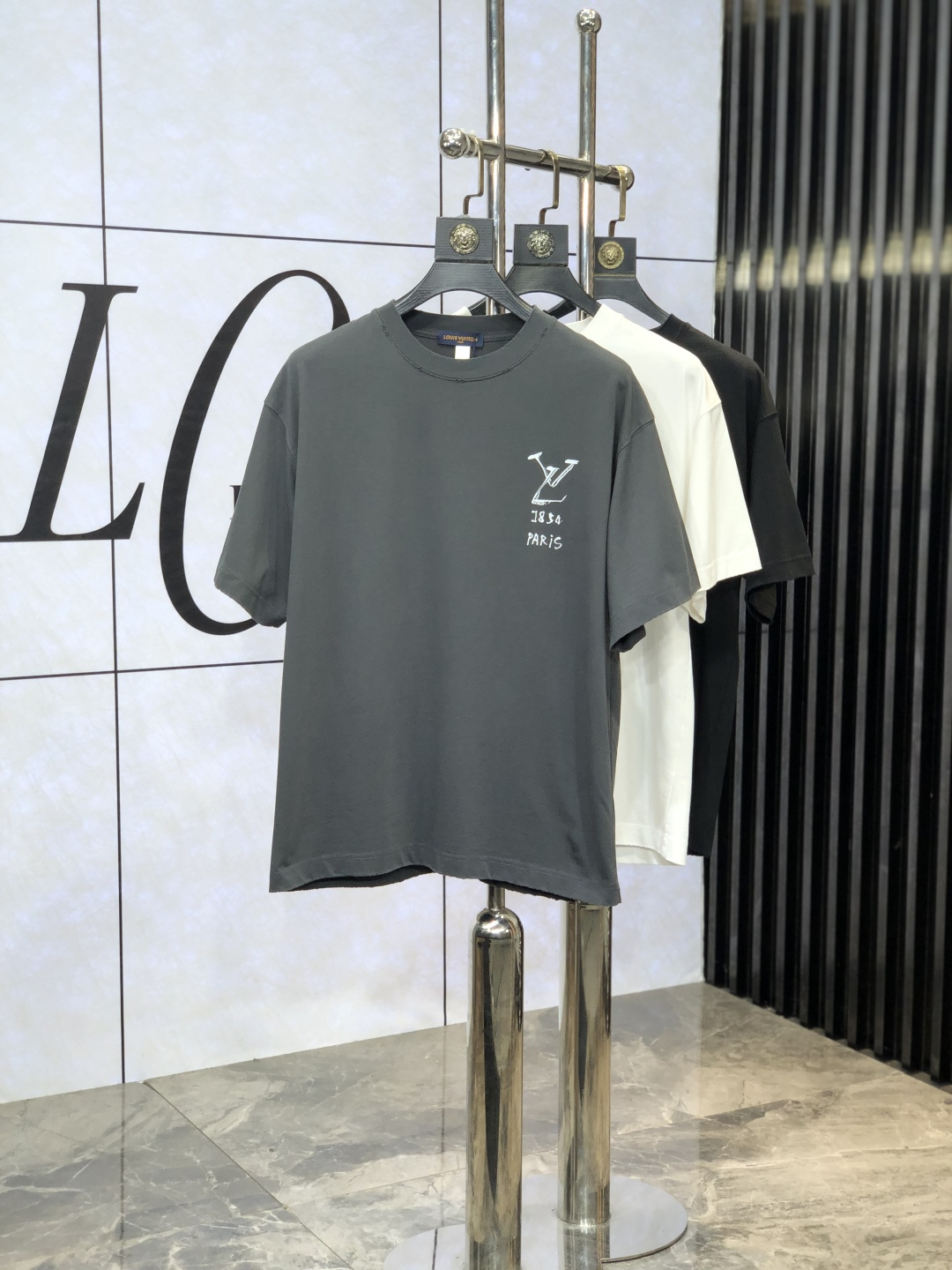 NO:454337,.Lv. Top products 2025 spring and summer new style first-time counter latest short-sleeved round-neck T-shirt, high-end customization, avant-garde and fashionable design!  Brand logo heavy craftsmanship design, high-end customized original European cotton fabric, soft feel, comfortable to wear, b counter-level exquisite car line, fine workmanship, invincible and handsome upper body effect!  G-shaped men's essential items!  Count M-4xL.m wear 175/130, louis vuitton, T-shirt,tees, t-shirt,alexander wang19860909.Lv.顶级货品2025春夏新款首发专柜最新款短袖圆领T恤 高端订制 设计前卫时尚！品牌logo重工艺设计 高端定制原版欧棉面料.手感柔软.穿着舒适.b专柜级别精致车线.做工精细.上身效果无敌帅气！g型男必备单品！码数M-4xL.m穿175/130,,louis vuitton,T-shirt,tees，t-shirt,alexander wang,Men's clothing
=======
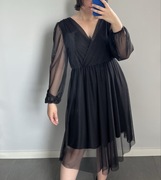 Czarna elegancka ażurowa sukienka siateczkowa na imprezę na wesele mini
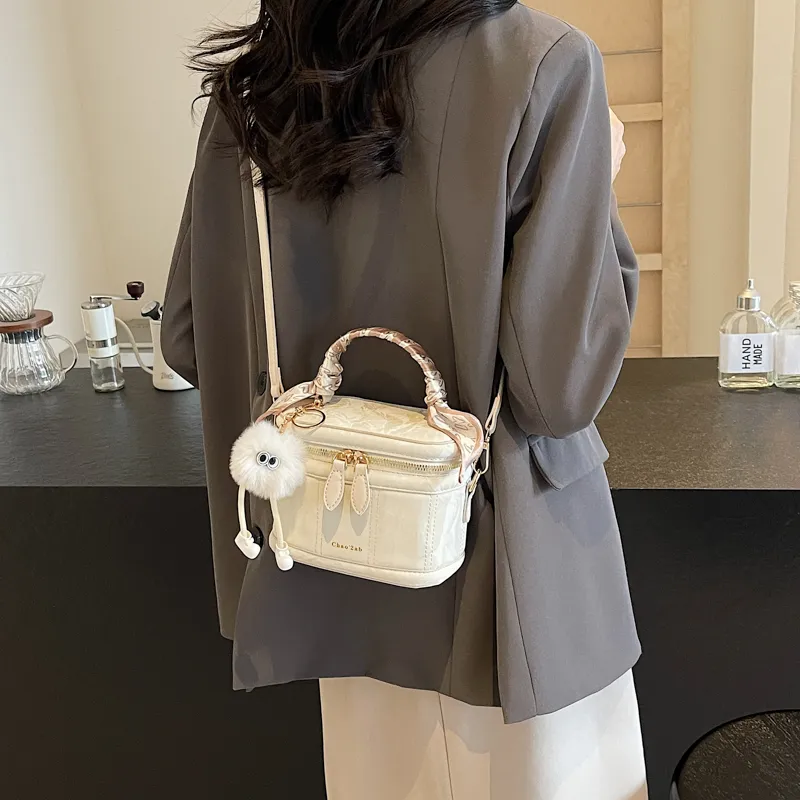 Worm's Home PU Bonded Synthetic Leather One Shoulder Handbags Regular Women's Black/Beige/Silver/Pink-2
=======
- _About this exercise_: Each line from the one that contains "Czarna elegancka ażurowa" down to the one that contains "Worm's Home PU" is to be returned exactly as it stands above, both ends included, with pictures removed.

- _Response to this task_:
 Czarna elegancka ażurowa sukienka siateczkowa na imprezę na wesele mini
 Worm's Home PU Bonded Synthetic Leather One Shoulder Handbags Regular Women's Black/Beige/Silver/Pink-2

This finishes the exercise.